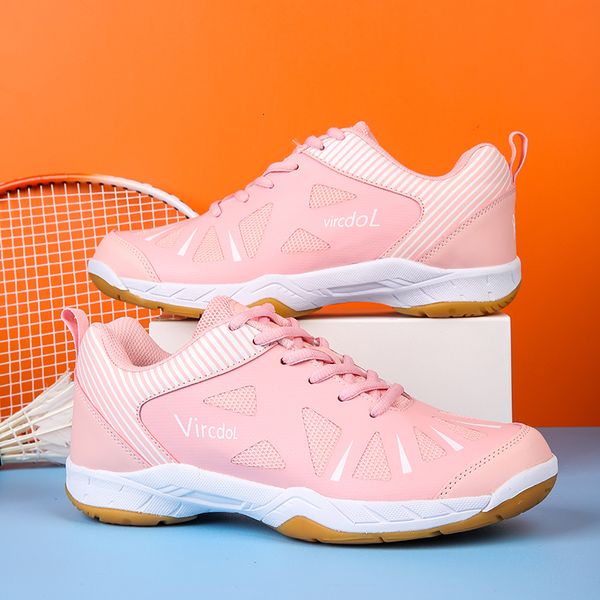 dress shoes professional flexible badminton tennis volleyball running for women girl ladis unisexi sports sneakers 230510, Black
dress shoes professional flexible badminton tennis volleyball running for women girl ladis unisexi sports sneakers 230510, Black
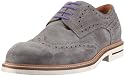 Gant Bond, Herren Halbschuhe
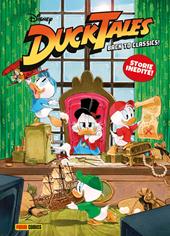 Ducktales. Vol. 2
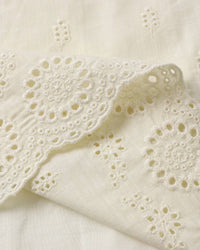 Rylee + Cru - Kid's Marina Dress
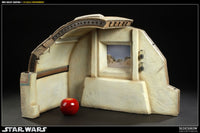 Mos Eisley Band Nook 1/6 Scale (Star Wars, Sideshow)  New Open Box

§

**Exercise aim:** Would you write out the material above in full, exactly as given, except for its pictures?

**Task solution:**
 dress shoes professional flexible badminton tennis volleyball running for women girl ladis unisexi sports sneakers 230510, Black
dress shoes professional flexible badminton tennis volleyball running for women girl ladis unisexi sports sneakers 230510, Black
 Gant Bond, Herren Halbschuhe
 Ducktales. Vol. 2
 Rylee + Cru - Kid's Marina Dress
 Mos Eisley Band Nook 1/6 Scale (Star Wars, Sideshow)  New Open Box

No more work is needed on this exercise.